> Problem description
Retype the entries below exactly, dropping the images.

Pictures with short captions
▽

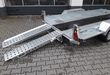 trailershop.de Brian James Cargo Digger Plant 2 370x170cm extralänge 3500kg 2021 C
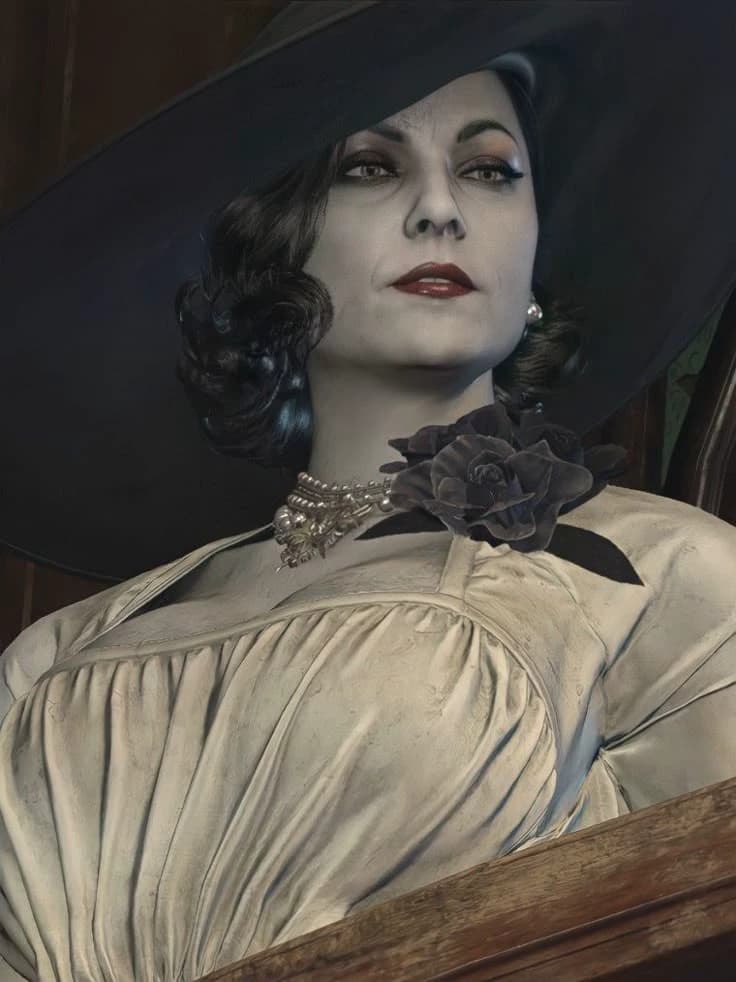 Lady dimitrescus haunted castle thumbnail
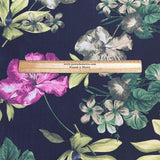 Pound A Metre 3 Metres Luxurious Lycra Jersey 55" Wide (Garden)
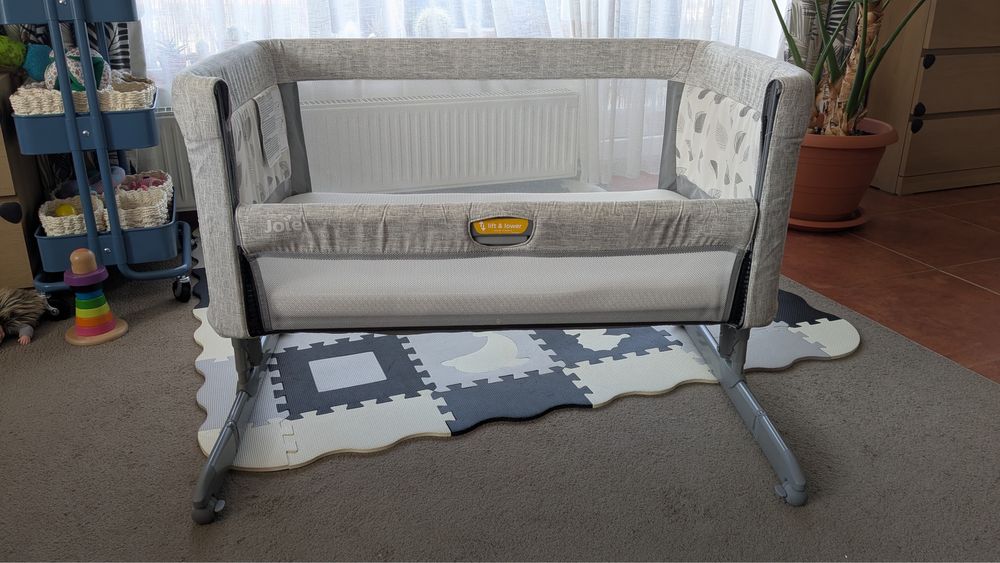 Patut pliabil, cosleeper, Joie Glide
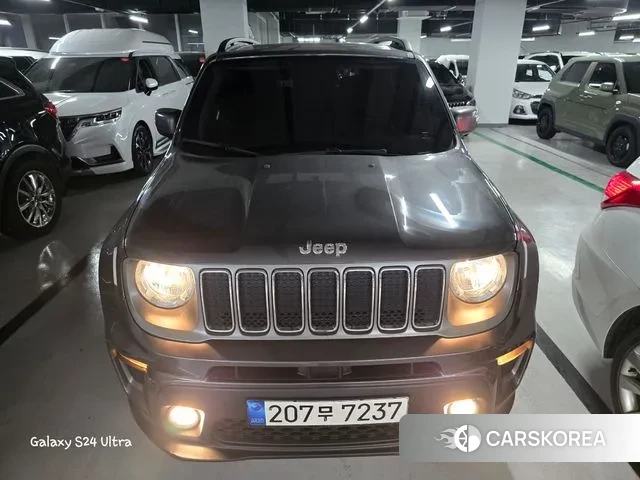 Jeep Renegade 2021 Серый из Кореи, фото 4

△

> Task output
 trailershop.de Brian James Cargo Digger Plant 2 370x170cm extralänge 3500kg 2021 C
 Lady dimitrescus haunted castle thumbnail
 Pound A Metre 3 Metres Luxurious Lycra Jersey 55" Wide (Garden)
 Patut pliabil, cosleeper, Joie Glide
 Jeep Renegade 2021 Серый из Кореи, фото 4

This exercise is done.